When an orientation toward results pervades planning, management, and implementation of new initiatives, it is easier to meet the challenges of accountability and evaluation. Evaluation becomes a way to support rigorous, contemporaneous collection of data on progress toward clearly defined goals, rather than an after-the-fact assessment of what succeeded (or didn’t).
Developers of complex social reforms aren’t the only ones who find that experimental methods are not always the best or even most “scientific” way to obtain credible evidence. Calls to re-examine what constitutes credible evidence come even from medicine. The Roundtable on Evidence-Based Medicine of the federal Institute of Medicine recommends that randomized clinical trials should not continue to be considered the gold standard, as they seem useful only in limited circumstances, including a narrow range of illnesses and the absence of multiple problems in an individual patient.

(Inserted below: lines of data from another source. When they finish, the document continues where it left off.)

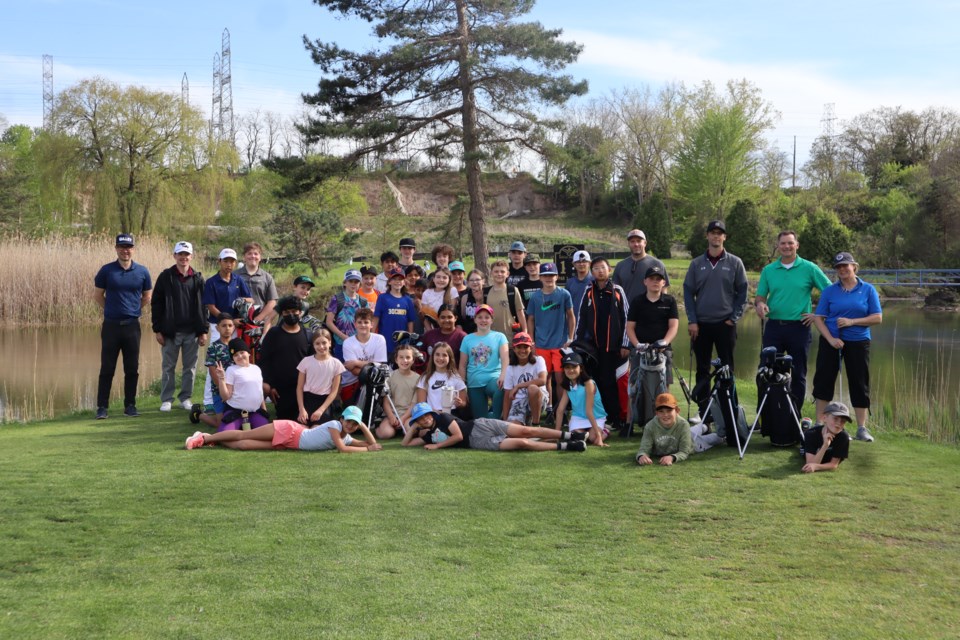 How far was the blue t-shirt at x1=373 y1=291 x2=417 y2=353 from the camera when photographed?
8.92m

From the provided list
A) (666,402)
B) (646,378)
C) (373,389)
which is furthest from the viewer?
(373,389)

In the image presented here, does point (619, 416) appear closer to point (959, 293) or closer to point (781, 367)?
point (781, 367)

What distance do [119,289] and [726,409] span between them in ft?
20.6

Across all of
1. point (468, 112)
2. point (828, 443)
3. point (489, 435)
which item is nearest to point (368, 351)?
point (489, 435)

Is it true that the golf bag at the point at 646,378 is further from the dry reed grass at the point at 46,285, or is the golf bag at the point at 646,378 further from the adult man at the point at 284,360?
the dry reed grass at the point at 46,285

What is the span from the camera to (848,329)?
7.51 metres

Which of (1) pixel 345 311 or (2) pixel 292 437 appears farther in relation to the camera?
(1) pixel 345 311

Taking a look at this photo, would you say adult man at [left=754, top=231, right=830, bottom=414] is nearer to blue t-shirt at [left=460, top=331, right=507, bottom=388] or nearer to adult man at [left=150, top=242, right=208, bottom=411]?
blue t-shirt at [left=460, top=331, right=507, bottom=388]

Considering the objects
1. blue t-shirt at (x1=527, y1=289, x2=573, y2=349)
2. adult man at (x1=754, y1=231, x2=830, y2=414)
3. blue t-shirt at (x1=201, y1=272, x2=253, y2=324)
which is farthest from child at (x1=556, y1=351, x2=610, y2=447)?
blue t-shirt at (x1=201, y1=272, x2=253, y2=324)

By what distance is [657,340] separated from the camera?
25.5 ft

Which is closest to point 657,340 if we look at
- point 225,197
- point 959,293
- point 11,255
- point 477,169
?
point 477,169

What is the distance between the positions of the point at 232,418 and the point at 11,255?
52.9 feet

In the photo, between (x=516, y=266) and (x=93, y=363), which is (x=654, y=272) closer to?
(x=516, y=266)

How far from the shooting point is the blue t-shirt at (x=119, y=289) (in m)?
8.92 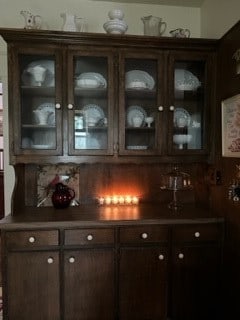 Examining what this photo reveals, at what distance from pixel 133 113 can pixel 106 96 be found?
0.24 metres

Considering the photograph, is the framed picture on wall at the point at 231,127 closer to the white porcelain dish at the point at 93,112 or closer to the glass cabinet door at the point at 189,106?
the glass cabinet door at the point at 189,106

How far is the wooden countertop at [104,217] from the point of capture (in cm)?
164

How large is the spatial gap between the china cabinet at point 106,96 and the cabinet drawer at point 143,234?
50cm

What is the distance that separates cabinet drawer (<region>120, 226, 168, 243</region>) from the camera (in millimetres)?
1684

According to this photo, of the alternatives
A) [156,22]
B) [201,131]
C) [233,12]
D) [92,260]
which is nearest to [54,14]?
[156,22]

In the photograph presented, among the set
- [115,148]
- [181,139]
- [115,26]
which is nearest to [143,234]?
[115,148]

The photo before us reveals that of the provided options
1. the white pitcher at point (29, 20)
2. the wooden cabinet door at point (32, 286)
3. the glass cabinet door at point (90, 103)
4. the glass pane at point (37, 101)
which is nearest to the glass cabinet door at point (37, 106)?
the glass pane at point (37, 101)

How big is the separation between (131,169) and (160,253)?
2.34 feet

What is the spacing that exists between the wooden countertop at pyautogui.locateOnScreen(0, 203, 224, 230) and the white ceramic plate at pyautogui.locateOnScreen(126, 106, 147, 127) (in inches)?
25.8

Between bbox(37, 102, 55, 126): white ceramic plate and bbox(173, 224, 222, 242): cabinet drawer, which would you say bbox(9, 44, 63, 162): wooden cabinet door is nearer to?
bbox(37, 102, 55, 126): white ceramic plate

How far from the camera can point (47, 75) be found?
1.84 m

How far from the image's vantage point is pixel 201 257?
1.76m

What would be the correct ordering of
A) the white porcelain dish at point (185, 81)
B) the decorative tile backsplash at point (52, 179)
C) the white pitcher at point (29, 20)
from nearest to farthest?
the white pitcher at point (29, 20), the white porcelain dish at point (185, 81), the decorative tile backsplash at point (52, 179)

Many education researchers have reached a similar conclusion. In the American Educational Research Association’s Handbook of Education Policy Research, David L. Weimer suggests that “the typical evaluation model focuses attention on one or a small number of policy impacts with unambiguous desirability, and only assesses policies already in place.” He points out that truly novel ideas cannot be assessed within this model because they have yet to produce data that can be used to measure impacts.
Policymakers radically diminish the potential of reforms if they allow themselves to be bullied into accepting impoverished definitions of credible evidence. Just as the Obama administration is on the cutting edge of reform by recognizing the importance of complexity in many arenas of social policy, so must it encourage innovation in efforts to determine “what works.”